Journal of Bionic Engineering ›› 2022, Vol. 19 ›› Issue (5): 1359-1373.doi: 10.1007/s42235-022-00230-z
Jiaqi Wang1, Dongmei Wu1, Yongzhuo Gao1, Xinrui Wang2, Xiaoqi Li2, Guoqiang Xu2, Wei Dong1
Jiaqi Wang1, Dongmei Wu1, Yongzhuo Gao1, Xinrui Wang2, Xiaoqi Li2, Guoqiang Xu2, Wei Dong1
摘要: The wearable lower limb exoskeleton is a typical human-in-loop human–robot coupled system, which conducts natural and close cooperation with the human by recognizing human locomotion timely. Requiring subject-specific training is the main challenge of the existing approaches, and most methods have the problem of insufficient recognition.

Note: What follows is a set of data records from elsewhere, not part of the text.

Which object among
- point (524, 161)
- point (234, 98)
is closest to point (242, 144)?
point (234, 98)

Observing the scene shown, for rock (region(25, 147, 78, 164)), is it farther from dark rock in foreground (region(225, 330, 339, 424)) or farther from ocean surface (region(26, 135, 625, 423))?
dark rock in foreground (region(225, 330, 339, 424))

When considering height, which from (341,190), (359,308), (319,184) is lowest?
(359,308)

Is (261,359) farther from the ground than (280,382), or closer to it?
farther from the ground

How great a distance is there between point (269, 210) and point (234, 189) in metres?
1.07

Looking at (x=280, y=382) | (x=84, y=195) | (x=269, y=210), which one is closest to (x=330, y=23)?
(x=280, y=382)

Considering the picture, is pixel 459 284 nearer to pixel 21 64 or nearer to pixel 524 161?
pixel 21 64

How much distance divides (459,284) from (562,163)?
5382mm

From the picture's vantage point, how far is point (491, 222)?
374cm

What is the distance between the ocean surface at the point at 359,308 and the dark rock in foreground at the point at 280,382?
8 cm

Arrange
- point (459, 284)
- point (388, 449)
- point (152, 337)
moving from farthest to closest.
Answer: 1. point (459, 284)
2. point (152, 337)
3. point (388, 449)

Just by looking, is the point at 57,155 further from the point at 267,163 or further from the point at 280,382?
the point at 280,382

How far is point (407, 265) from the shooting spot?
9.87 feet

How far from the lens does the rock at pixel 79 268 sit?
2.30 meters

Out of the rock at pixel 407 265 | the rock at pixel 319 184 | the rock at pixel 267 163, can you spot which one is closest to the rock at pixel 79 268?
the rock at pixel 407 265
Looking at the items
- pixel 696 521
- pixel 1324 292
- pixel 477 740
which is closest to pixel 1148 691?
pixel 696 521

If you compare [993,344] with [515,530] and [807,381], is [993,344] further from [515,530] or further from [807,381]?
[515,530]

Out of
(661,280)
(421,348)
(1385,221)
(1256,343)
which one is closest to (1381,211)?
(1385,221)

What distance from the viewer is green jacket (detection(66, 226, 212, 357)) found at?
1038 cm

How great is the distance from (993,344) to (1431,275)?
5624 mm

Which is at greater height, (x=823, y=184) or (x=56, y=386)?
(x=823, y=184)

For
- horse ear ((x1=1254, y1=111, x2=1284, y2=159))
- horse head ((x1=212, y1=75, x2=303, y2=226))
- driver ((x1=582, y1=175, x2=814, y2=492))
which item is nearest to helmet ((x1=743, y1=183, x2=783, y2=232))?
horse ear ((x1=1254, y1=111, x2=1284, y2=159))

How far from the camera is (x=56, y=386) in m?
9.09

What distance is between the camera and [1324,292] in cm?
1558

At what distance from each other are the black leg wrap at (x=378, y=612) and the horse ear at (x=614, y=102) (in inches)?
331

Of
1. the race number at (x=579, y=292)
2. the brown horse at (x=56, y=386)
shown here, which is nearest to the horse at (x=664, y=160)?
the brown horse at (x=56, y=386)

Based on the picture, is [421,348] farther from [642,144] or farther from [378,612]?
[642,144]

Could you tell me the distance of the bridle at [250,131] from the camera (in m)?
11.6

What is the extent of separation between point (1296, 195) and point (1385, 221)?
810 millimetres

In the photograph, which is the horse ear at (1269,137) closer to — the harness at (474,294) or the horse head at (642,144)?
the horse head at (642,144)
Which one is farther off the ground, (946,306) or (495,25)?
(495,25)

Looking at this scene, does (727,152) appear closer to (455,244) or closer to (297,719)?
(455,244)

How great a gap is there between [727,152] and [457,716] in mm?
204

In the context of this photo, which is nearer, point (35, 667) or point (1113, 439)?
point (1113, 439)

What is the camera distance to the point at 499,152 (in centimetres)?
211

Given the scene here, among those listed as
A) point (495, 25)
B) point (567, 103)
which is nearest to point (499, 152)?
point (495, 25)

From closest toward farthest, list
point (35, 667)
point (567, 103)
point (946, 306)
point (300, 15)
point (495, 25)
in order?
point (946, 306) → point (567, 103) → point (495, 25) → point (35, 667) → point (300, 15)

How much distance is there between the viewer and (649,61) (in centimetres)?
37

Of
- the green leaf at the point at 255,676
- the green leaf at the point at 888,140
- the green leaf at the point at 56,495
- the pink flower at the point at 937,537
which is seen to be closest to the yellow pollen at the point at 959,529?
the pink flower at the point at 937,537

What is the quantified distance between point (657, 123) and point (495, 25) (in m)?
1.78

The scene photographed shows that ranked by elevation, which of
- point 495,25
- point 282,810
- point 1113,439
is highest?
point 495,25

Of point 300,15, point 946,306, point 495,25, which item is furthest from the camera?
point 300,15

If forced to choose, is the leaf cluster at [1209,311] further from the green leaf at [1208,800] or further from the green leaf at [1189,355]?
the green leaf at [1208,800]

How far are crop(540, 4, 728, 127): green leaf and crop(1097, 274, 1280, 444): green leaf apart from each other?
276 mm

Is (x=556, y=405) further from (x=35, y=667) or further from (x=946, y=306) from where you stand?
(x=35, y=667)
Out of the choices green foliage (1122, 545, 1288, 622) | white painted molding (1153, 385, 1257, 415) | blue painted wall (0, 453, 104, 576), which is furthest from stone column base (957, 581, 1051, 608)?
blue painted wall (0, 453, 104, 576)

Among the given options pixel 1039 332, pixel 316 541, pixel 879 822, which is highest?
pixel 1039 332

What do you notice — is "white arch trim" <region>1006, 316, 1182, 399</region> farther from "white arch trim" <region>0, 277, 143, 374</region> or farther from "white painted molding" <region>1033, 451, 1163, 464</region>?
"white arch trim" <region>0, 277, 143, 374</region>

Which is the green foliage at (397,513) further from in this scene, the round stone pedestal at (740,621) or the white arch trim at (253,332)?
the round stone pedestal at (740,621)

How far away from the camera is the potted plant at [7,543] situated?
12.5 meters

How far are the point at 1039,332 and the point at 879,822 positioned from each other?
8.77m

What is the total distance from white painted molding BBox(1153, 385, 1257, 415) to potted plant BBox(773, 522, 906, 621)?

This paper proposes an integral subject-adaptive real-time Locomotion Mode Recognition (LMR) method based on GA-CNN for a lower limb exoskeleton system. The LMR method is a combination of Convolutional Neural Networks (CNN) and Genetic Algorithm (GA)-based multi-sensor information selection. To improve network performance, the hyper-parameters are optimized by Bayesian optimization. An exoskeleton prototype system with multi-type sensors and novel sensing-shoes is used to verify the proposed method. Twelve locomotion modes, which composed an integral locomotion system for the daily application of the exoskeleton, can be recognized by the proposed method. According to a series of experiments, the recognizer shows strong comprehensive abilities including high accuracy, low delay, and sufficient adaption to different subjects.